In the Middle East, elections are either non-existent, wildly rigged, or won by Islamist parties (the lure of primitive identities may trump the desire for Western-model freedoms). Iran's "democracy" is poisoned with fraud, and Turkey has been raped and left bleeding by decades of corrupt party politics (paving the way for fundamentalist victories). Iraq, with its bitter history and truculent factions, is the great laboratory for the region. While there is reason for sober optimism, the experiment in Baghdad is far from a guaranteed success.

India is a national success story, but, at the local level, its democracy is that of the gun, the boss and the bribe. Pakistan has proven itself incompetent to master democracy and probably will remain so. Afghanistan may surprise the world with its success--but only if the Kabul government can assert a monopoly of coercive power. And Russia, that other troubled Asian state, is less a democracy today than Chavez's Venezuela.

Still, none of this means that democracy must fail--only that it is not "a machine that will go of itself." Democracy takes time, labor, commitment and, sometimes, the willingness to fight against the forces of the past. It also requires that rarest of human commodities, honesty. Contrary to our illusions, the one thing democracy isn't is easy.

Which brings us to the other, un-remarked crisis of democracy--the descent into governmental mediocrity in the West. In Europe, the end of the Cold War brought democracy, but rarely inspiring leadership. Eastern Europe celebrated, then woke up with a hangover. Old Europe slipped backward.

At a time when Europe's moribund socio-economic systems urgently need reform, the continent is strikingly devoid of promising leaders. Germany hasn't had first-rate leadership since the 1970s, and France has been poorly led since the late 1960s. Italy never had great leadership in the post-war era. Britain was blessed with the glorious Mrs. Thatcher and the early Mr. Blair, but the current political landscape looks bleak.

On the continent, a new tyranny of the haves threatens the soul, if not the outward forms, of democracy. The recent strikes in France were an attempt to stop the clock, and Euro-apartheid separates not only white skins from brown or black, but the securely employed from the never-to-be-employed. Soft socialism has created a general malaise among populations, forging a continent of critics, not creators. And the European Union has deadened, rather than enhanced, the continent's prospects with its dictatorship of the Eurocrats.

Even here in the United States, the past few decades have seen the triumph of the mediocre. Was Ronald Reagan our last visionary? Other than John McCain, is there a single galvanizing presidential possibility in either political party?

Has our gotcha culture driven greatness from the political stage, leaving it to the burrowing little souls? Is it to be an enduring American paradox that a country that facilitates internet porn and celebrates Oprah-style public confessions demands a private and public blandness in political leaders that eliminates the aptitude for greatness?

Have we entered the age of "little presidents?" Can America lead the world, if America is not led well? Make no mistake: This is not a Democratic or Republican problem. The self-interested corporatist leadership in Washington is a bipartisan problem.
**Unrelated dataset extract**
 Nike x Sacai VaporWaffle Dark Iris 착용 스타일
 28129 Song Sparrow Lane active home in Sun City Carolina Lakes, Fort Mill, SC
Democracy isn't "over." It's only beginning. No other system of government approaches its potential for decency, opportunity and equity. But democracy is also hard. Those who prescribed it as a cure-all now must face the possibility that the medicine may make the patient sicker for years before recovery can begin.

Lieutenant Colonel Ralph Peters, U.S. Army, is a retired intelligence officer and the author of 21 books, including the recent Never Quit the Fight (Stackpole Books).